Will you participate in the Geneva talks?
Yes, we participate as a part of civil society, although civil society is not present at the negotiating table.
What is your role then?
We try as civil society to play an observer role, and to create a balance between the interests of parties to the conflict and the interests of the Syrian citizen in the framework of Syrian national interests in general.
The role of civil society is to guarantee that the negotiating outcomes are appropriate to the largest extent with the demands of the Syrian people.
At the start of this month, the European Union announced it was increasing its support for investigations into war crimes in Syria. Will this support be limited to financial support, or is it accompanied by political cover?
The U.N. General Assembly approved an independent international mechanism to prepare files to be presented before the courts for accountability, that is, we have today a legitimate institution in the international sense with a resolution from the Assembly.
From here the EU’s participation is a contribution from the financial side, covering expenses of this international agency, and since it is financially committed, it is committed to the content of its work and the need to activate it.
Is it possible that you will return to Syria soon to lead the Syrian Center for Media and Freedom of Expression from inside again?
Once a democratic transition in Syria is achieved, I will be among the first to return, but not on the principle of returning to the embrace of the state (to give up opposition). The democratic transition certainly means Assad's departure.
As for the Center, it is continuing to work from inside and has not stopped its work, whether in regime or opposition areas.
During the course of the Center’s work since, which has been licensed in France since 2004, it has been exposed to many tremors which may have influenced its work, and I and my other colleagues have been arrested.
Today we and other centers are managing a number of files and suits in European courts against the Syrian regime and its security agencies and Sadnaya prison. Our task could be frustrating and long because of the humiliation we are exposed to from the international justice system, but it must continue, and needs to survive. This is our responsibility as Syrians before it is an international responsibility.

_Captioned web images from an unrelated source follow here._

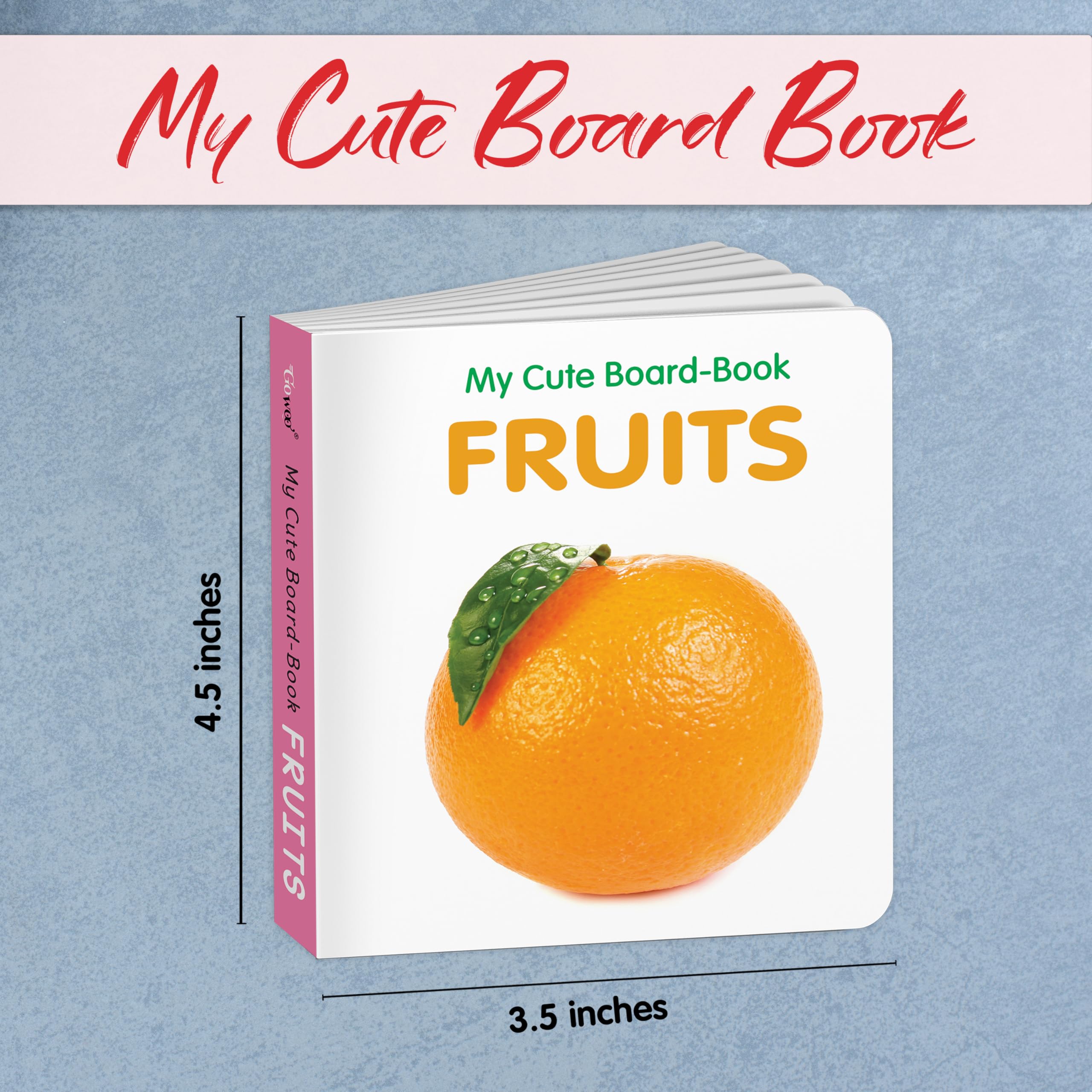 Pocket Board Book Set of ABC, Numbers, Fruits, Vegetables, Wild Animals, Birds - Kids educational board book, Preschool learning books, Preschool Kids Books Children | books
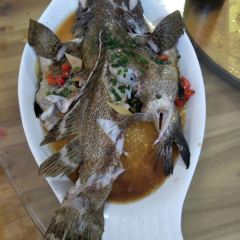 FU GE DA PAI DANG User Photo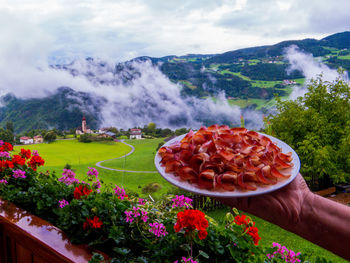 Person holding ice cream by plants against sky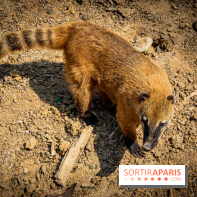 Parrot World, le parc animalier immersif d'Île-de-France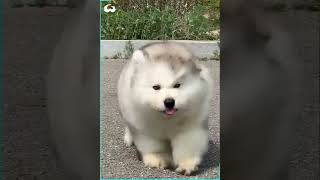 Clumsy Malamute Puppies Constantly Trip Over Themselves [upl. by Leunamme57]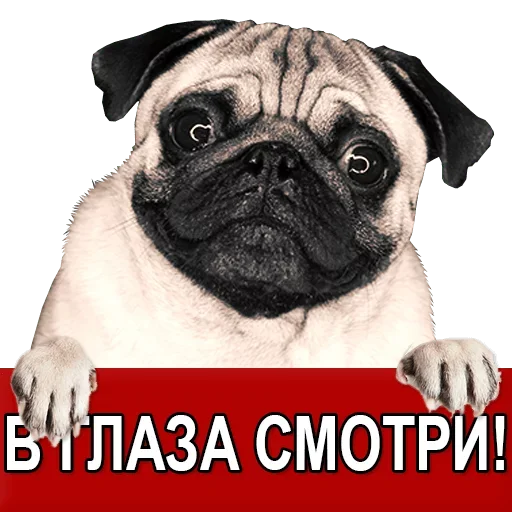 Sticker from the "Добиваем Фазу" sticker pack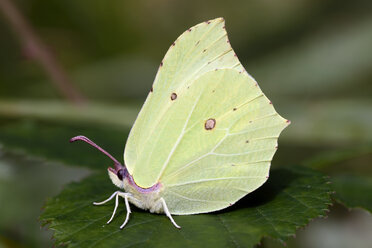 Deutschland, Zitronenfalter, Gonepteryx rhamni, sitzend auf Pflanze - MJO000187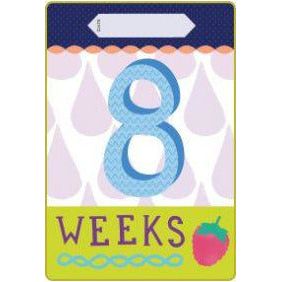 Milestone Pregnancy Cards | Little Baby.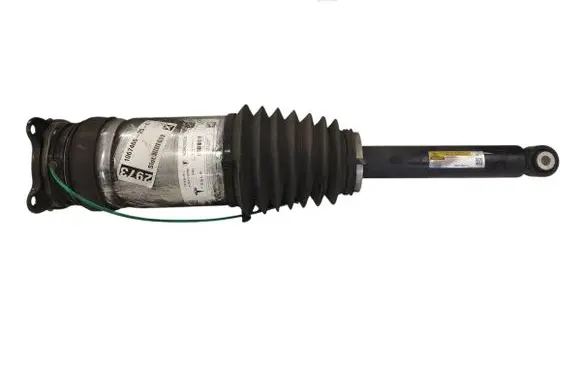 Tesla Model S Shock absorber/damper/air suspension W309255101 DN01149796 A18K01149796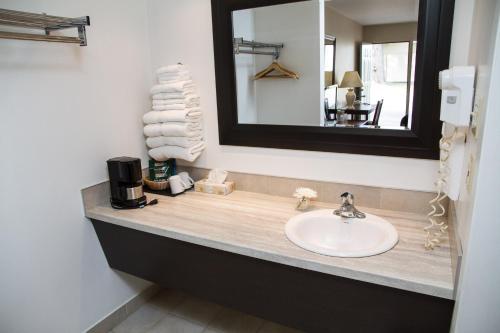 a bathroom with a sink and a mirror at Rideau Heights Inn in Ottawa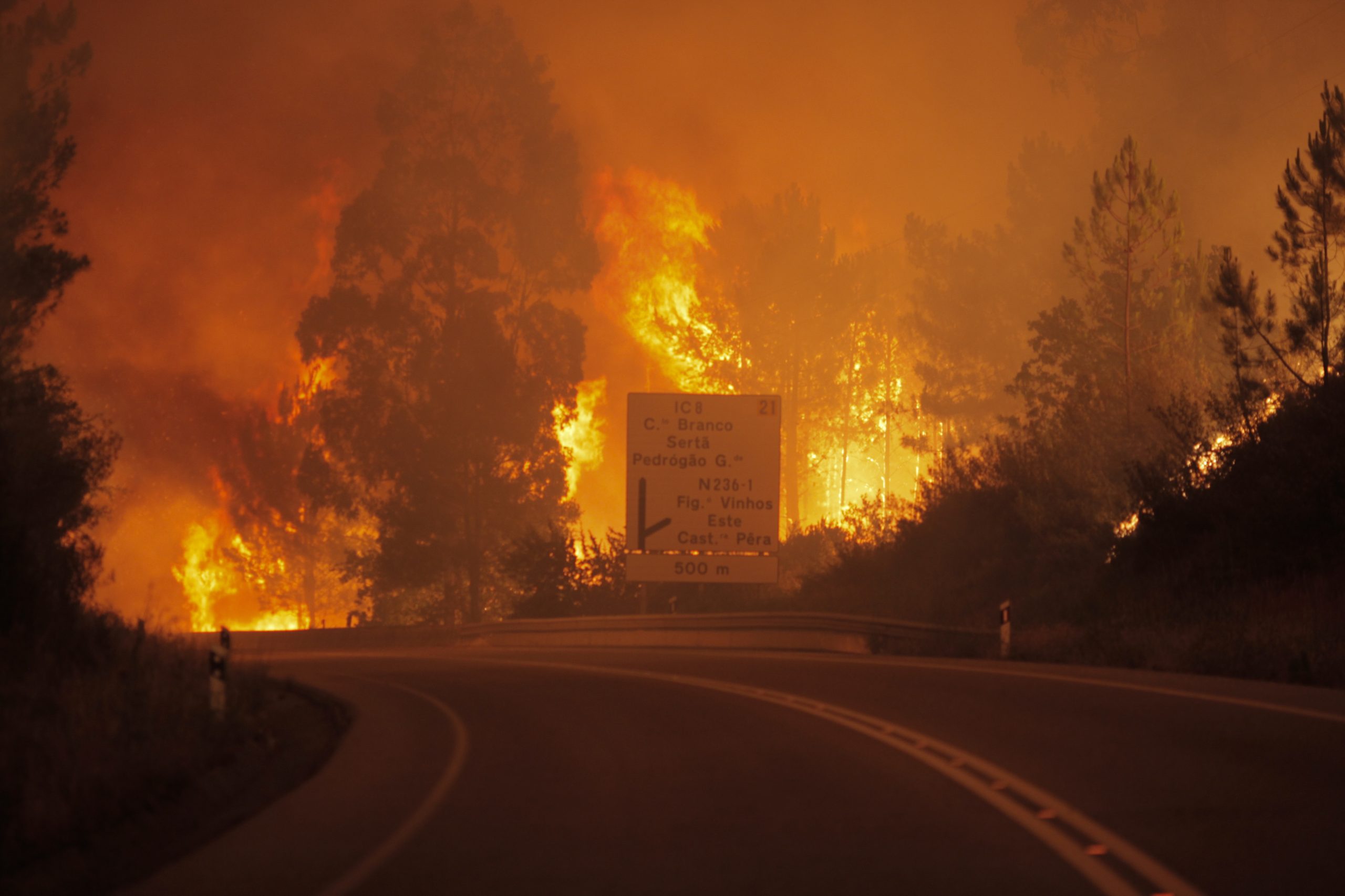 Um único plano de operações distrital de combate aos incêndios apresentado publicamente dentro do prazo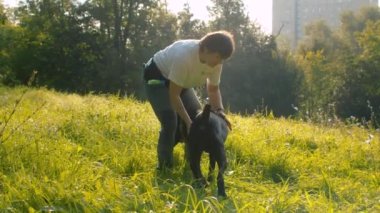 Kadın siyah boksör köpek okşayın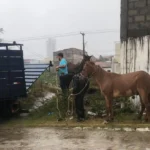 Flagrado pelas câmeras: homem furta farmácia no bairro Cidade Nova em Feira de Santana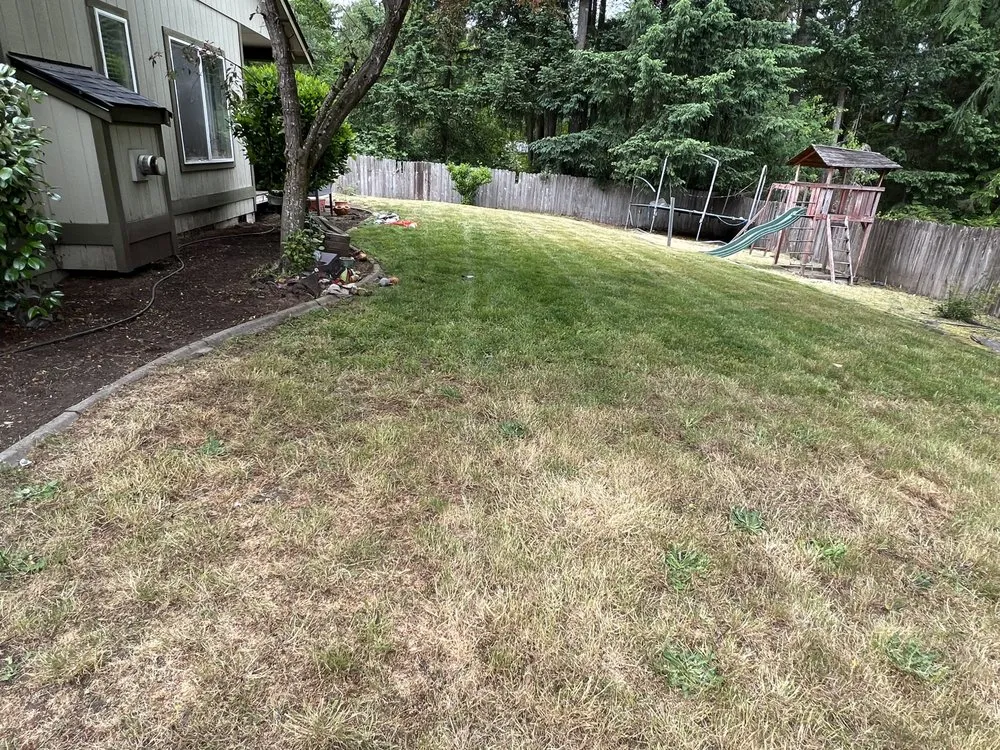 Affordable landscape installation experts serving Belfair, WA - Manuel’s Tree Service & Landscaping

Regarding Razan Zeitouneh, what is the latest information you have about her location and whether she is still alive? And what steps are you taking regarding her and other prisoners?
Unfortunately, there is no cooperation from the parties controlling the area there. Today we are in the process of preparing the legal papers in order to mobilize the French and international judiciary in this issue.
This article was translated and edited by The Syrian Observer. Responsibility for the information and views set out in this article lies entirely with the author.